What I remember Umberto Eco for best – and, my goodness, I enjoyed The Name of the Rose – is a long-forgotten piece he wrote on the Bond novels. On reading said piece, I was amazed to see that, apart from The Spy Who Loved Me, all the others conformed to a strict structural pattern. I’d wager that Eco picked up his method from Propp’s Morphology of the Folk Tale but, at the time, I was delighted to gain insight into an alternative way of analysing fiction.
He is still, of course, a prolific author and reader – he used to claim that he had solved the problem of trying to read in the shower so that he didn’t waste any time not reading!
Well, his latest musings are on the art of handwriting.
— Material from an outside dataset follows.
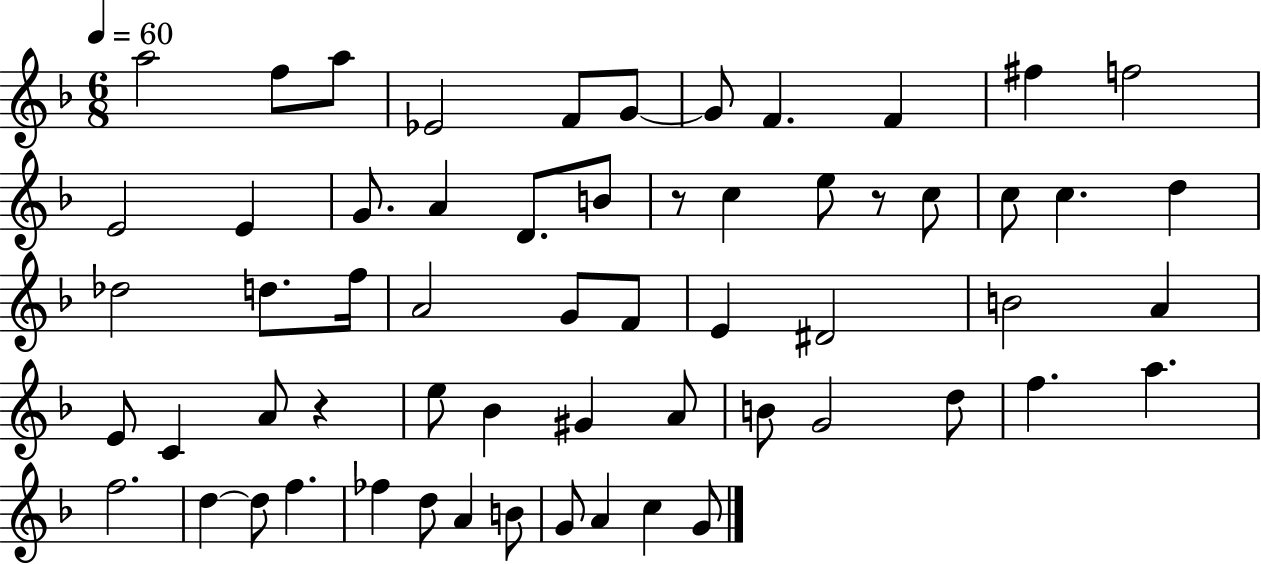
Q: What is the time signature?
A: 6/8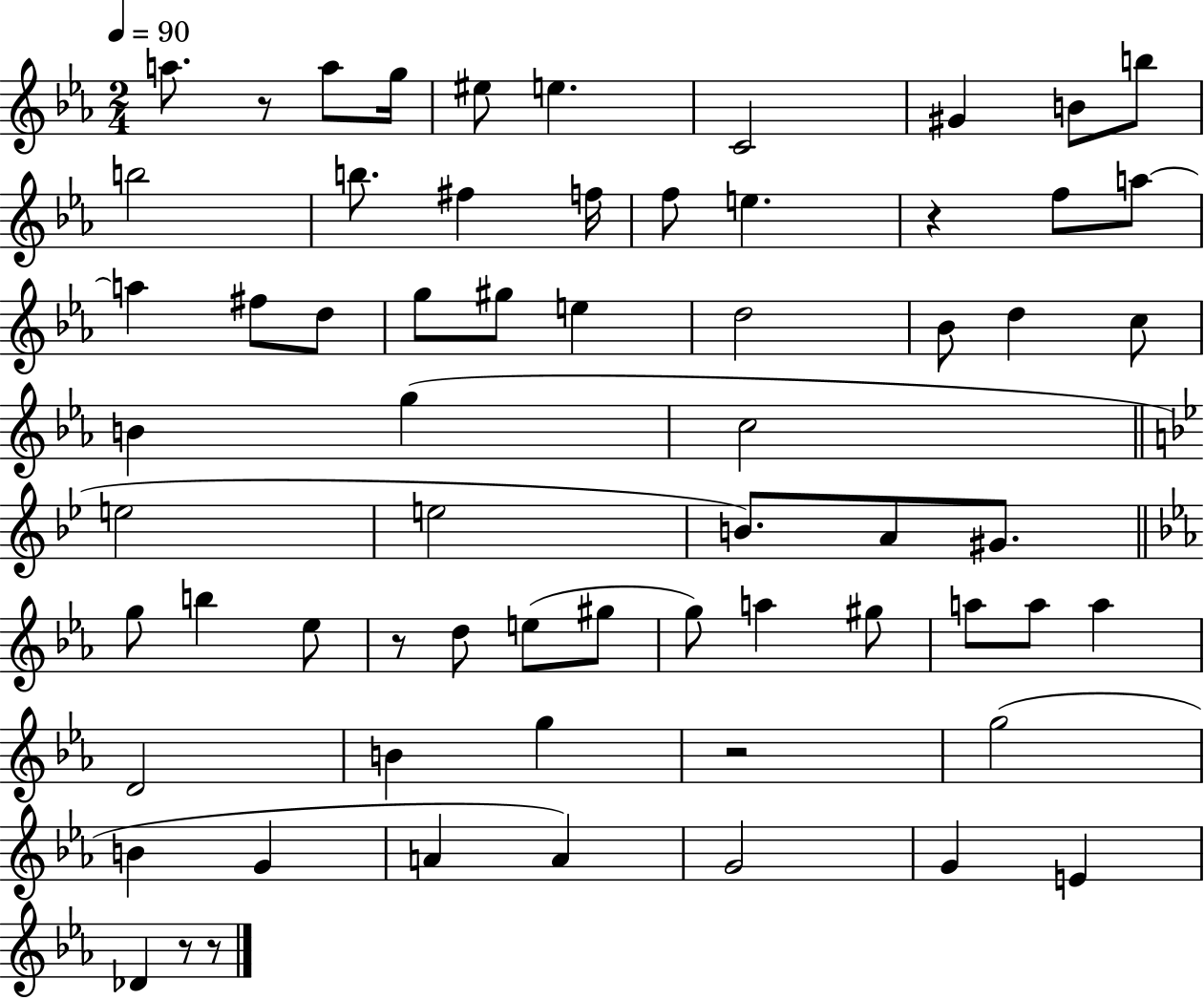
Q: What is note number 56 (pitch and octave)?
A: G4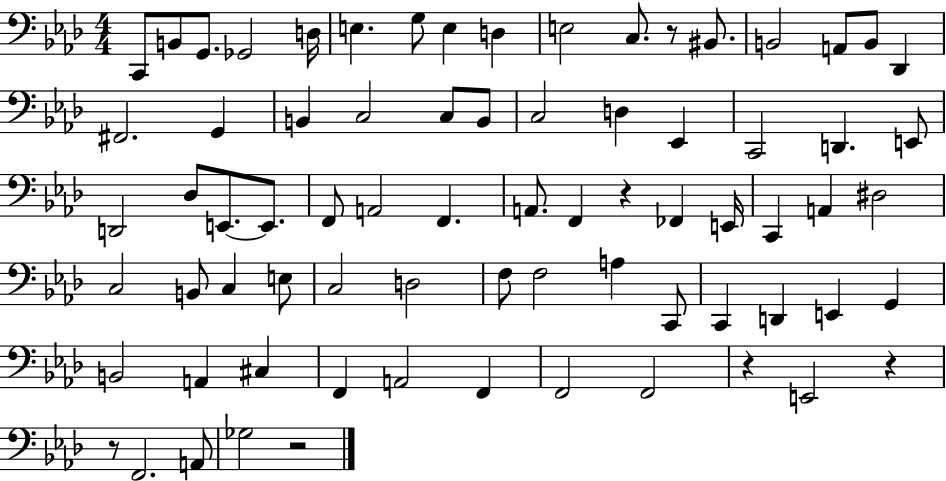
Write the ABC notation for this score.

There is, as you would expect, the classical allusion, an affectionate remembrance of his parents’ handwriting, along with some schoolboy reminiscing – what makes his writing so good is that he always draws the reader into a more intimate relationship with the subject.
In yesterday’s Guardian (originally it was in The New York Times) Eco recommends a return to handwriting, not as opposed to using the computer or the mobile phone, but as an addition: to encourage children to slow down and think before they commit to paper, to improve hand to eye coordination, and for aesthetic pleasure, one of Eco’s greatest loves.
Having only on Saturday bought my youngest daughter her first decent fountain pen – Fie on the ballpoint! – which they are NOT allowed to use at her school, I think I know what he means.